E poi il silenzio di un teatro vuoto, il tutto rimandato alla prossima marea, è un bellissimo vivere fortemente dentro l’attesa di rivedere il tuo sorriso.

Vorrei vederti vestita di nulla e scriverti addosso che sarai la mia alba per sempre!

Se tu un giorno non dovessi esserci in quell’alba ne morirei.

Se non potessi rivederti farei dei giorni delle prigioni per rinchiuderli per timore che svaniscano assieme ai ricordi.

Vorrei raccontanti quanto sia difficile l’attesa … il tempo che vola e in realtà è lì fermo, nella snervante attesa di un tuo ritorno.
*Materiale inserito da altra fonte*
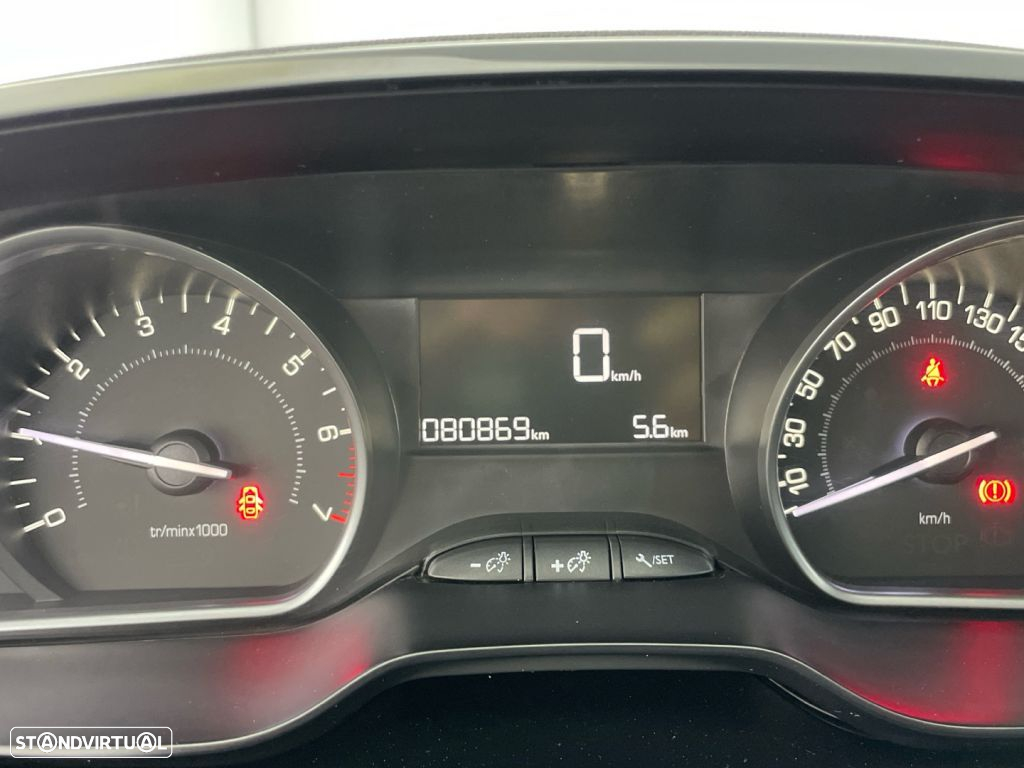 Peugeot 2008 1.2 PureTech Style - 9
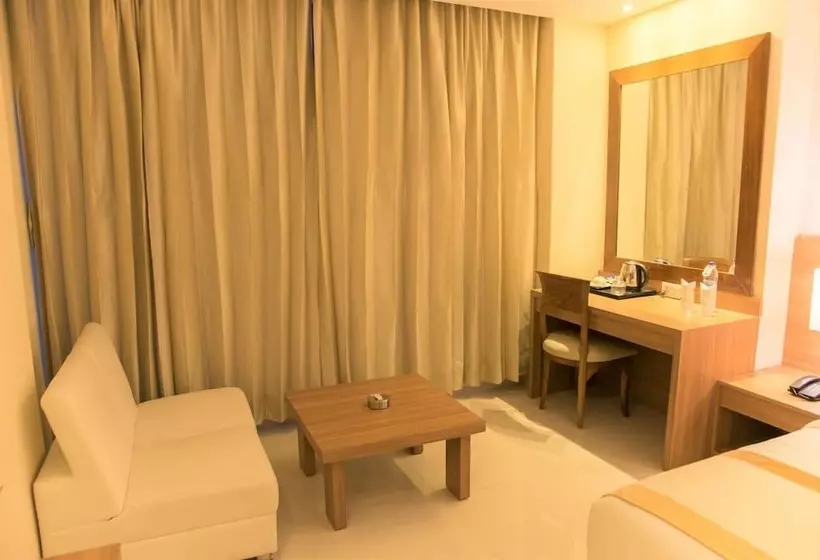 Hotelli Sangai Continental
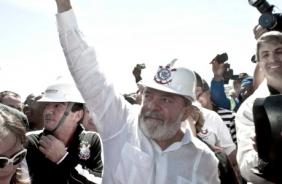Ex-presidente Lula comparece ao Itaquero e aprecia o contrato da obra da arena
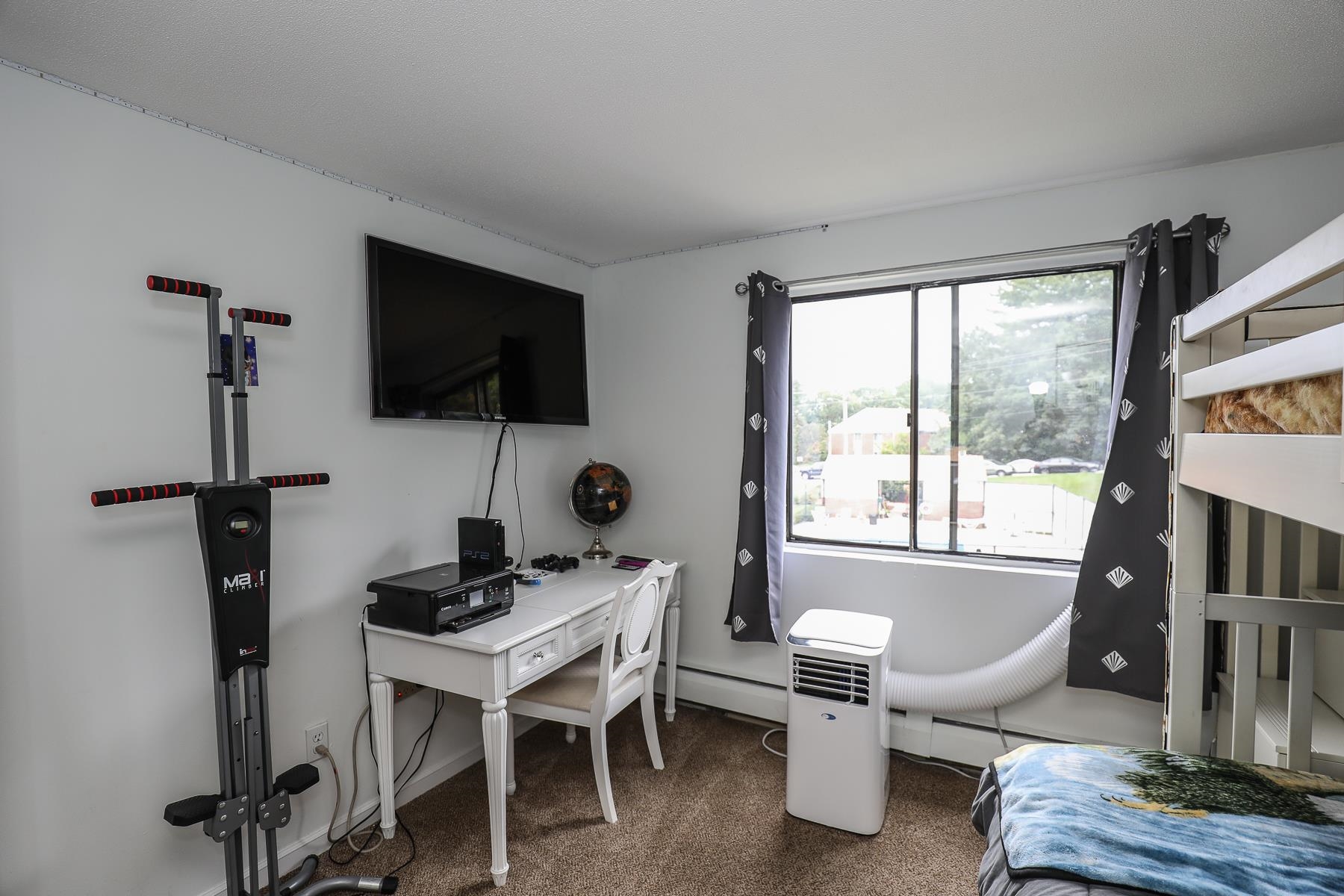 110 English Village Road, Unit 302 Manchester, NH 03102 - Photo 15 of 19 Gallery Image 15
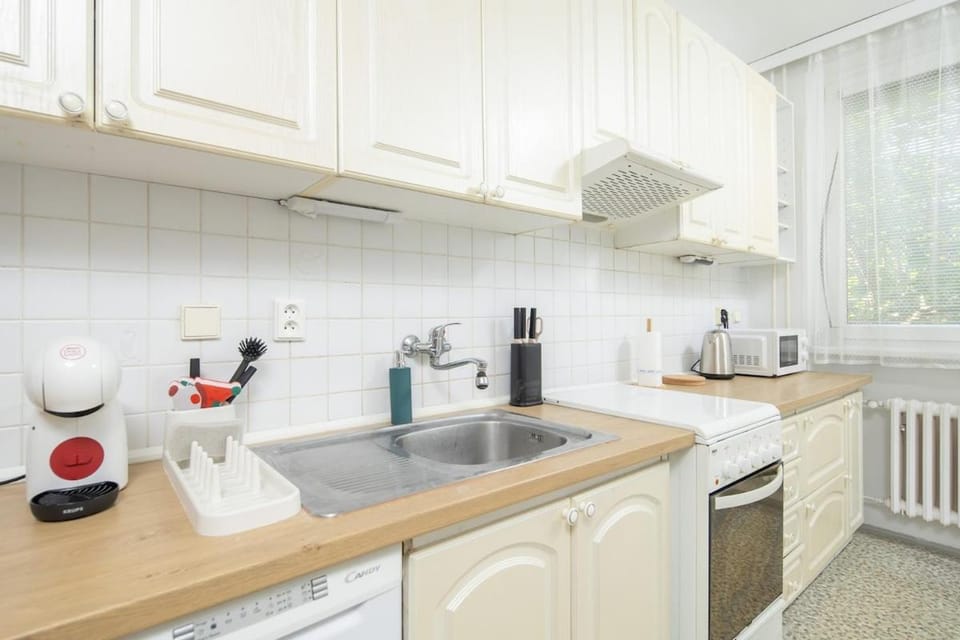 Spacious House with Garden 15 min walk from Castle House in Prague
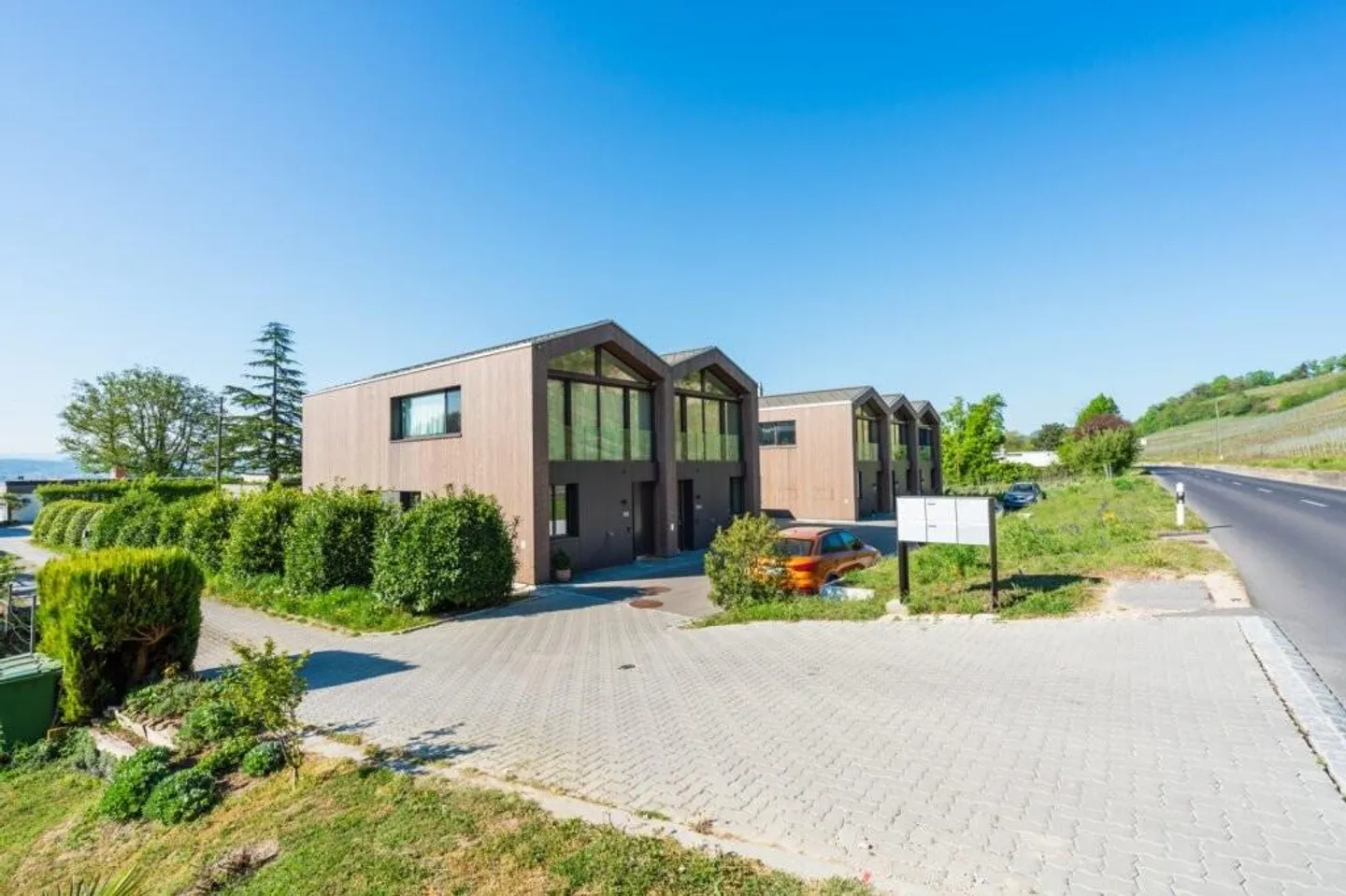La tua nuova casa da sogno con giardino sul lago di Murten! - Foto 11 di 11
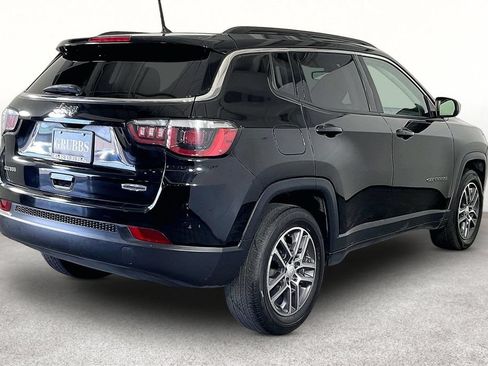 Used 2017 Jeep Compass Latitude w/ Cold Weather Group FWD image 2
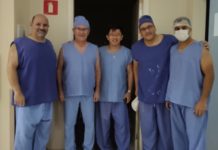 Grupo de Ortopedistas e Traumalotogistas de Dracena recebem visita de médico de Marilia e realizam cirurgia inédita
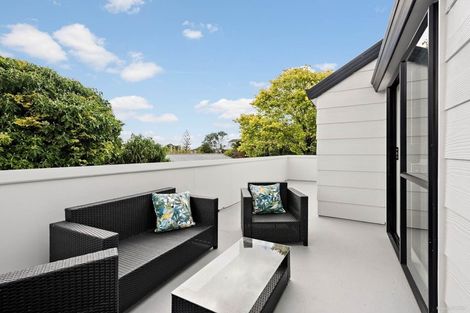 Photo of property in 2/523 Glenfield Road, Glenfield, Auckland, 0629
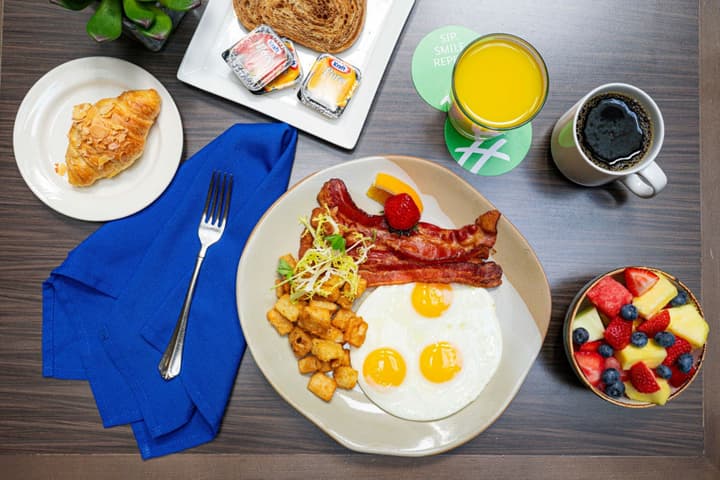 Holiday Inn Toronto - Int'l Airport by IHG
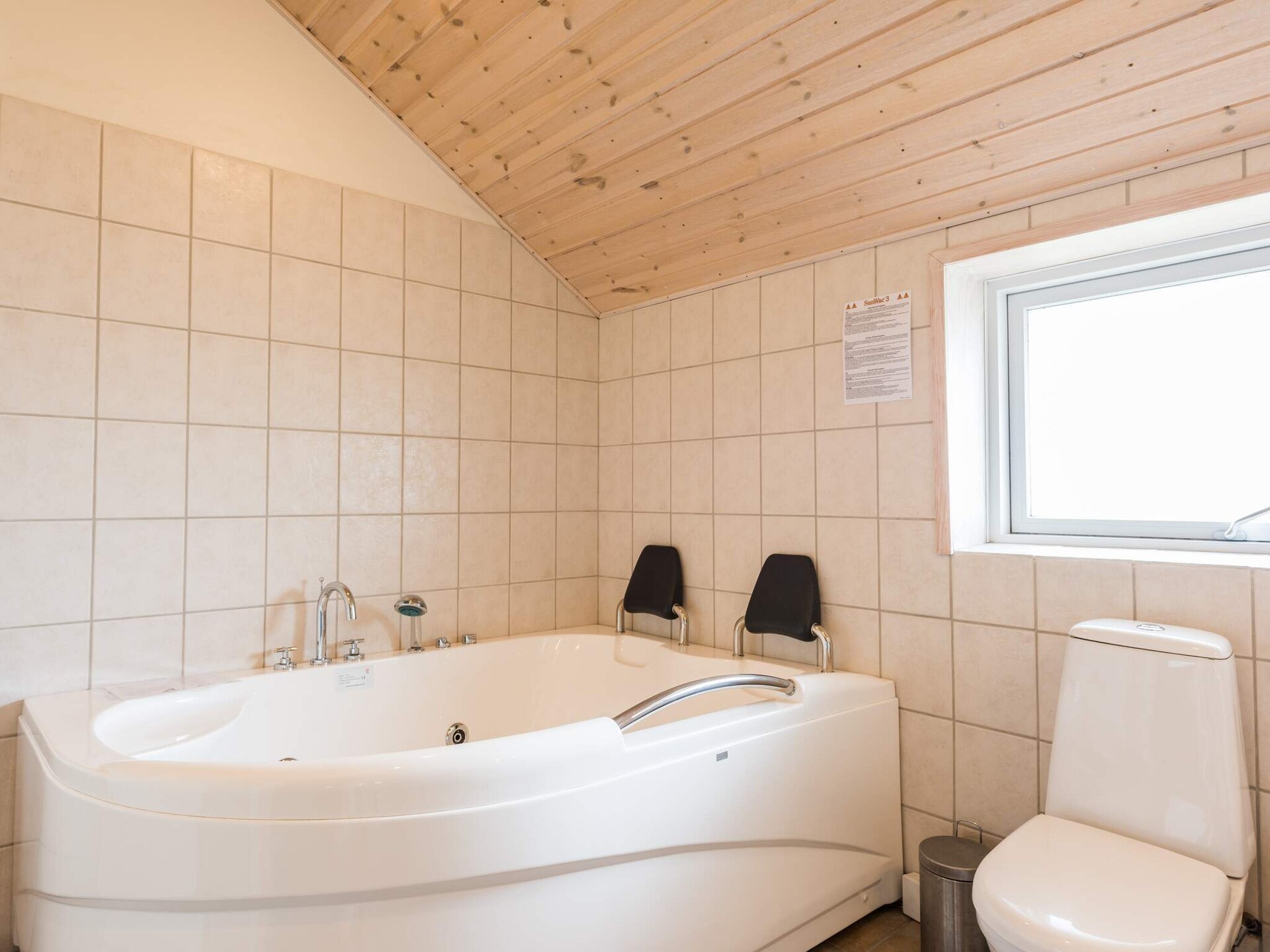 Ruim stenen vakantiehuis bij Tarm met whirlpool, sauna en grote tuin - foto 13
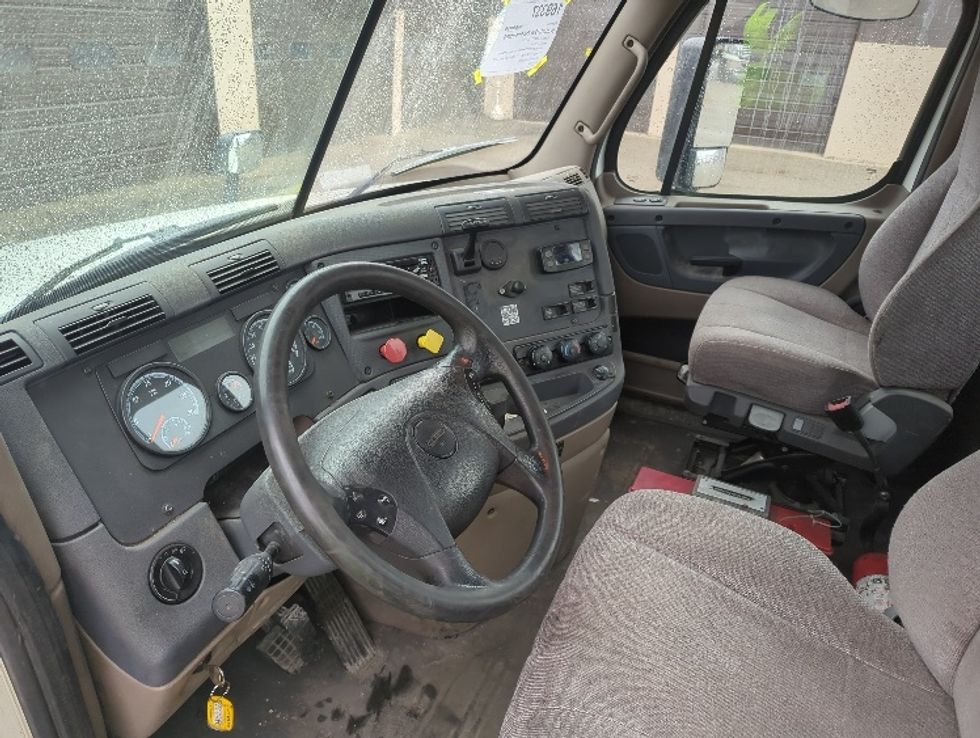 Day Cab Tractor-Heavy Duty Tractors-Freightliner-2018-Cascadia 12564ST-Byron Center-MI-272,755\n\t\tmiles-$ 49,250 - Image 10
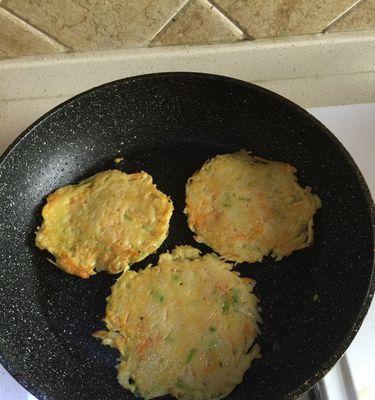 尝鲜土豆丝饼，传统口味与创新美食的完美融合（家庭自制土豆丝饼）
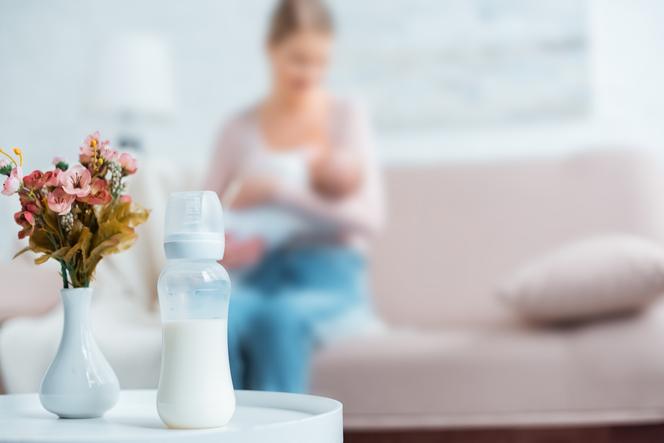 Niedopite mleko z piersi i niedopite mleko modyfikowane - czy trzeba je wylać? 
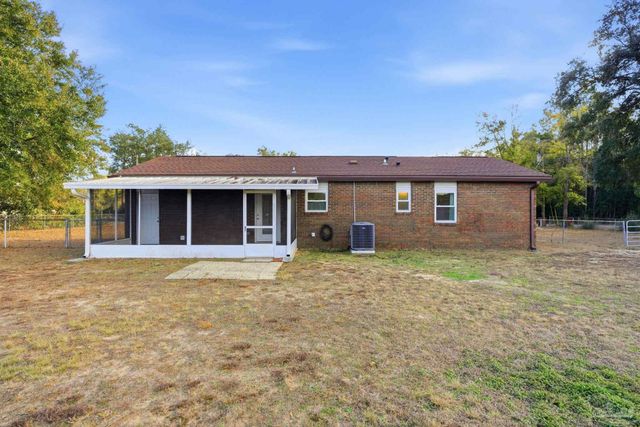 5712 Sunflower Ave, Milton, FL 32570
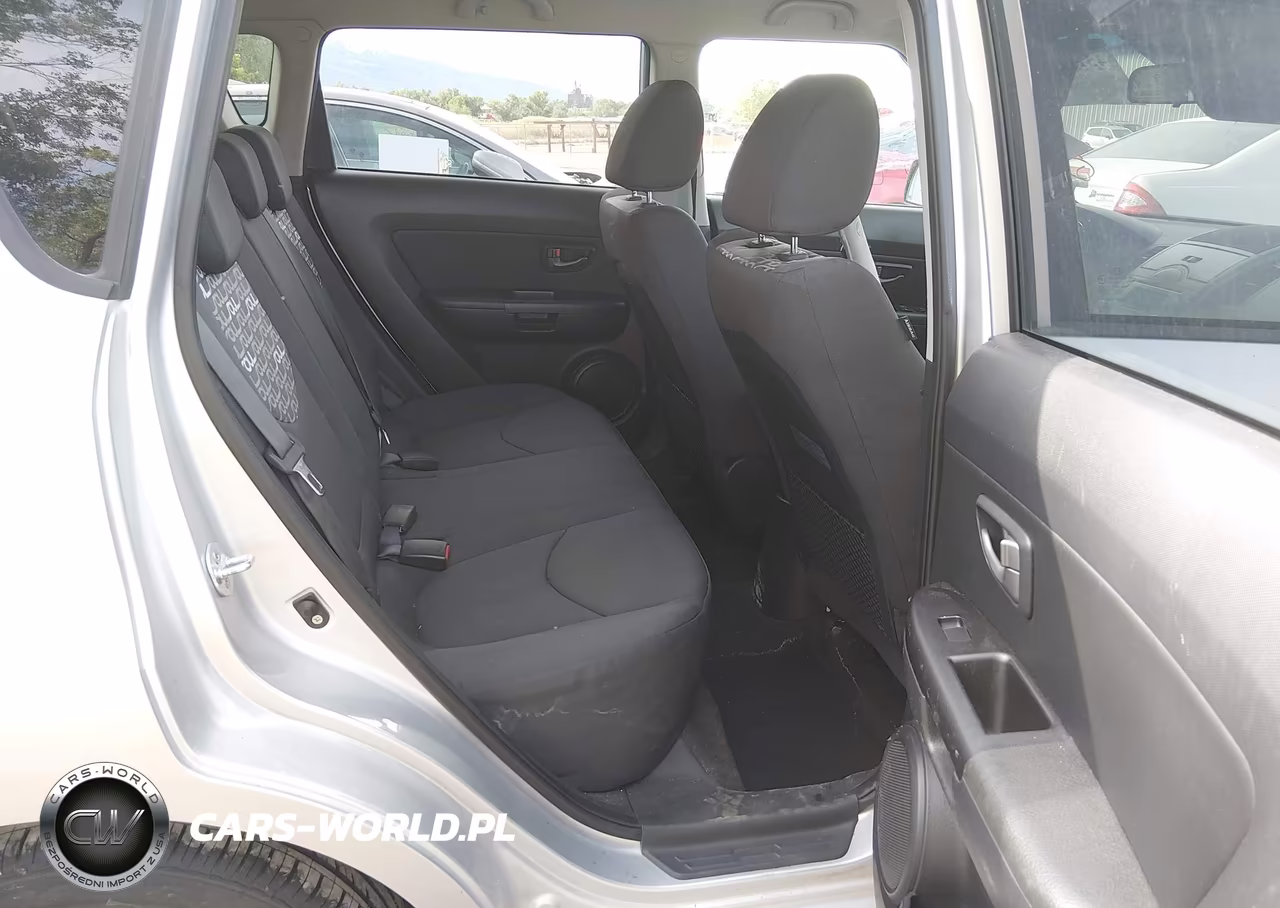 2010 Kia Soul + VIN:KNDJT2A29A7702902 - 8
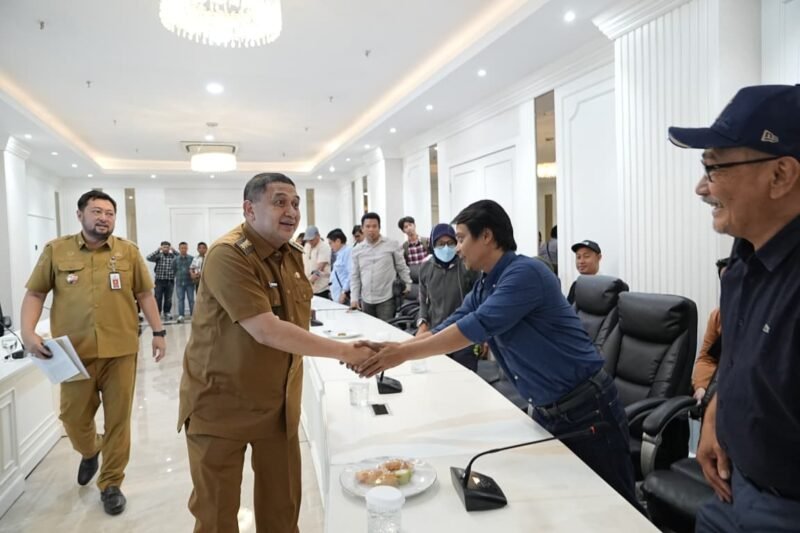 Rapat Koordinasi bersama Badan Pendapatan Daerah (Bapenda) Kota Makassar dan para pengusaha reklame di Kantor Balai Kota Makassar, Senin (10/8/2026)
Fossi certo che dopo questa vita, la tua e la mia venissero, io sarei lì ad aspettarti e sarebbe come prendere l’eternità

Ora non comprendo l’ampiezza del tempo e la ignoro, quel tempo che intercorre a separarci e mi tortura con la lentezza delle ore.

Penso che di qualsiasi cosa le nostre anime siano fatte, hanno la stessa fonte, sono della stessa spiritualità.

L’amore mio inquantificabile è immisurabile: e ti amo così!